Über das Festival

Casanovafest

Die Schöpfer des Casanovafestes – eines Festivals der Liebe und Erotik – sind Slobodan Vugrinec i Boris T. Matić. Das Fest soll in Form einer Kudgebung die historische Verbindung des berühmten Verführers Casanova zum Ort Vrsar feiern.
Giacomo Casanova besuchte Vrsar in den Jahren 1743 und 1744, zu einer Zeit, als der Ort bereits für gutes Essen, den Wein Refosco und schöne Frauen berühmt war.
Das Casanovafest wurde von der Naturschönheit der Stadt Vrsar, ihrem Archipel und dem Camp Konversada – dem ersten und damals größten Naturisten-Camp Europas – inspiriert, der bereits im Jahr 1961 begründet wurde.

Die Liebe und die Erotik stellen eine unerschöpfliche Quelle der Inspiration dar.

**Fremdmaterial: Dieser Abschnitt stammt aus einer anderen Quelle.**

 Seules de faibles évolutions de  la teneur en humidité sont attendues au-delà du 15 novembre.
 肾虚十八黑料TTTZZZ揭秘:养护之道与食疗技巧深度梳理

Aus diesem Grund widmet sich das Festival über diverse Künste wie Literaturabende, Ausstellungen, Filmprojektionen und Musikhappenings diesem ewigen Thema und den allzeitigen Überlegungen zu Liebesverhältnissen, denen sich auch Casanova intensiv hingab, um sie nachträglich so bildhaft in seinen Memoiren festzuhalten.

Giovanni Giacomo Casanova

Giovanni Giacomo Casanova wurde am 2. April 1725 in die Familie eines venezianischen Schauspielers hinein geboren. Nach einer erfolglosen Priesterausbildung wird er zum Sekretär des Kardinals Acquaviva, danach Geiger am venezianischen Theaterorchester. Gleichzeitig werden seine zwei jüngeren Brüder berühmte Maler. In diesen Jahren wird Casanova des Unterhandels und der schwarzen Magie bezichtigt. Er geht nach Lyon und danach nach Paris, wo er sich den Freimaurern anschließt. Casanova bewegt sich in hohen Kreisen, macht die Bekanntschaft mit Josef II., Katharina der Großen und anderen Herrschern. Er verkehrt mit Mozart und Voltaire. Doch hauptsächlich widmet er sich den Frauen und Glücksspielen und reist durch Europa. Nach seiner Rückkehr nach Venedig wird er laufend beschattet und schließlich wegen kleinerer Straßenglücksspiele und Betrüge verhaftet. Nach einem Jahr Haft im gefürchteten venezianischen Gefängnis Piombi durchschlägt er Ende 1756 das Kerkerdach und flieht in die französische Metropole. In Paris gründet Casanova die erste öffentliche Lotterie und wird über Nacht reich. In dieser Zeit verfasst er sein erstes Werk Meine Flucht aus den Bleikammern von Venedig, übersetzt Homers Iliade und beginnt mit der Arbeit am utopischen Roman Icosameron. Indessen zwingen ihn seine alten Leidenschaften – das Spielen, Unterhandeln und Schulden – dazu, Paris zu verlassen. Er bereist ganz Europa und für die letzten 10 Jahre seines Lebens lässt er sich in der Tschechei nieder, wo er die Bibliothekars- und Sekretärsanstellung beim Grafen von Waldstein erhält. Durch Krankheiten und ein abenteuerliches Leben geschwächt, verlässt Casanova kaum noch seine Wohnung und verbringt den Großteil seiner Zeit mit der Aufzeichnung seiner Erinnerungen, die in 20 Bänden beziehungsweise auf 4000 Seiten erscheinen werden.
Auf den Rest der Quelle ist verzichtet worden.